You can clean rusty buts by soaking them in lemon juice or
vinegar. Then have a good scrub, And a rinse. Then dry the bit leaving no moisture as this causes rust. If you have no lemon juice or vinegar a paste made out of water abs baking soda would also do the job.
_Posted via Mobile Device_


----------



## lexypoohhorton (Oct 11, 2010)

HairyCob said:


> You can clean rusty buts by soaking them in lemon juice or
> vinegar. Then have a good scrub, And a rinse. Then dry the bit leaving no moisture as this causes rust. If you have no lemon juice or vinegar a paste made out of water abs baking soda would also do the job.
> _Posted via Mobile Device_


 ok awesome thanks! i will do that


----------



## HairyCob (Jan 7, 2011)

Did I put buts? I meant bits... (facepalm)
_Posted via Mobile Device_


----------



## farmpony84 (Apr 21, 2008)

Sweet Iron bits are supposed to rust I think, it has something to do with the taste?


----------



## lexypoohhorton (Oct 11, 2010)

farmpony84 said:


> Sweet Iron bits are supposed to rust I think, it has something to do with the taste?


 ohh well its a dark bit.... its a walking horse bit, works amazing on my horse


----------



## lexypoohhorton (Oct 11, 2010)

HairyCob said:


> Did I put buts? I meant bits... (facepalm)
> _Posted via Mobile Device_


 LOL s'all goo


----------



## VanillaBean (Oct 19, 2008)

I know they sell rusted bits because the horses love the taste...


----------



## lexypoohhorton (Oct 11, 2010)

whooops i ment good.... ok wellthanks  i didnt want my boy getting sick cause i wasn't forsure  thanks


----------



## faye (Oct 13, 2010)

I prefer to stick them in a tub of CocaCola! does a far better job then lemon juice or vinegar!

If you get the rust off and the bit is undamaged (i.e has no sharp edges) then it is fine to use.


----------



## vivache (Jun 14, 2009)

You can remove the rust, but sweet iron is designed to rust.

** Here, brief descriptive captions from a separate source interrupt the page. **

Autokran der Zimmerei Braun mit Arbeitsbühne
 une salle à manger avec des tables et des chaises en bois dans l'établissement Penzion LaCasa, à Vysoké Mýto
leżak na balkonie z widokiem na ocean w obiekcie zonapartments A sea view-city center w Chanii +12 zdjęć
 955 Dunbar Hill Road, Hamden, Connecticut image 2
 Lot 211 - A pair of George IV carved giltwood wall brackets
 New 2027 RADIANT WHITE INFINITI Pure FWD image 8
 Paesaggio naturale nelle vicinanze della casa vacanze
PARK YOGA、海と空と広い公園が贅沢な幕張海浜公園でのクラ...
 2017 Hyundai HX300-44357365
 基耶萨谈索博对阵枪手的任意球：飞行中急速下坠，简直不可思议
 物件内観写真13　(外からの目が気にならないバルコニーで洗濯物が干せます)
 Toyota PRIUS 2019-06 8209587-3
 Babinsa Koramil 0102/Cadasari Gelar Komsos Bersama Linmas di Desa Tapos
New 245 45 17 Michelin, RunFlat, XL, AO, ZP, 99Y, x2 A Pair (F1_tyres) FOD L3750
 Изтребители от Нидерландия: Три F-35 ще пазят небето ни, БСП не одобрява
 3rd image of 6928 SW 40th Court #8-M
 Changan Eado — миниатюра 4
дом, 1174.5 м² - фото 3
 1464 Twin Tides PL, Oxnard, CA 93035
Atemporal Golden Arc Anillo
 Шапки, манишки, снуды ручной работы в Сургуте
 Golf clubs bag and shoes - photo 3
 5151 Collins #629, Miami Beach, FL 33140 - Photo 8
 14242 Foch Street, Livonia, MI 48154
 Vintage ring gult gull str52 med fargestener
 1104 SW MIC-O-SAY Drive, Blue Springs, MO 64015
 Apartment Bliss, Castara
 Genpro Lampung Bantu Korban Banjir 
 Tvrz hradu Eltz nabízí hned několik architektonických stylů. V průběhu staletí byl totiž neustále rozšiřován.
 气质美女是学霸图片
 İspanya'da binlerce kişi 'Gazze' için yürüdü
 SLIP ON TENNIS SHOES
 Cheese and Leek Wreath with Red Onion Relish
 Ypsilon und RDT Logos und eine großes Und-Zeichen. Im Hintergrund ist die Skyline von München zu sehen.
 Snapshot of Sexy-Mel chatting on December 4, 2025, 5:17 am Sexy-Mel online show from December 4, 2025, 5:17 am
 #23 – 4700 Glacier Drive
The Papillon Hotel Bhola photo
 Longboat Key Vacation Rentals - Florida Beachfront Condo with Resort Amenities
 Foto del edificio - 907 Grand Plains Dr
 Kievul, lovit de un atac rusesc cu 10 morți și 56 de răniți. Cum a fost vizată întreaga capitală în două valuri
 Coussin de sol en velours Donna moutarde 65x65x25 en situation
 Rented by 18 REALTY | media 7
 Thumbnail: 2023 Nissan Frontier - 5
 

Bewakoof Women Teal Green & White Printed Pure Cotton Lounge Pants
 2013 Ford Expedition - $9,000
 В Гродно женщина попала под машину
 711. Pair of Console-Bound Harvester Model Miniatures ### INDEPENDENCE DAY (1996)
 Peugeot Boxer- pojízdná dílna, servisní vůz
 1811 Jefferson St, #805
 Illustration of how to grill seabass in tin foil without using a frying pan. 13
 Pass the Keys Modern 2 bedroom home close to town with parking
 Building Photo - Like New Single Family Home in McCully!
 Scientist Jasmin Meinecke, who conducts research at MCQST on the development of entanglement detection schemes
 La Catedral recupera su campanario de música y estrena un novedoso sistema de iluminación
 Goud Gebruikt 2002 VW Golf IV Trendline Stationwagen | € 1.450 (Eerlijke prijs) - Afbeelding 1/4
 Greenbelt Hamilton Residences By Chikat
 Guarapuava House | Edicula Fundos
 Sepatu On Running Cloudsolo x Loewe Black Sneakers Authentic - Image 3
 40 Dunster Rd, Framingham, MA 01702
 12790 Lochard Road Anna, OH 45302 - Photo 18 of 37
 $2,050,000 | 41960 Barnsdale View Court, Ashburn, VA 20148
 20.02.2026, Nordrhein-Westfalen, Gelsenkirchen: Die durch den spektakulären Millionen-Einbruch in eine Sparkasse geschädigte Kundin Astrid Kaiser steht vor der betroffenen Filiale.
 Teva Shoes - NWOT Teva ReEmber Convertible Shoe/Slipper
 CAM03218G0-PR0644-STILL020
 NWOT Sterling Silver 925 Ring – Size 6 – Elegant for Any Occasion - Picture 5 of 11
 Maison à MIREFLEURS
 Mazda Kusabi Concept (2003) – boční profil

A twisted wire walking horse bit? Owie.


----------



## usandpets (Jan 1, 2011)

It won't hurt the horse if the bit has rust on it. For some reason, horses like the taste of rust.

I agree with vivache. A twisted wire bit is a harsh bit. If that's the only bit the horse responds to, I would work on getting the horse more supple.


----------



## Eliz (Jun 16, 2010)

A bit is only as harsh as the hands of the rider. I ride an arab in a slow twist snaffle that is also rusted, and the horse loves the bit. Maybe a sharper-edged twist would be painful, but they are not as sharp as they appear.


----------



## vivache (Jun 14, 2009)

Keep in mind that a Walking Horse bit has CONSIDERABLE shanks. Many are 8 inches. You have to have STILL hands to be riding in one.

Robarts Precise Tongue Pressure Walking Horse Bit


----------



## Eliz (Jun 16, 2010)

Oh, I missed the fact that it was a gaited bit, with large shanks. I would imagine pressure would definitely be magnified in that case.


----------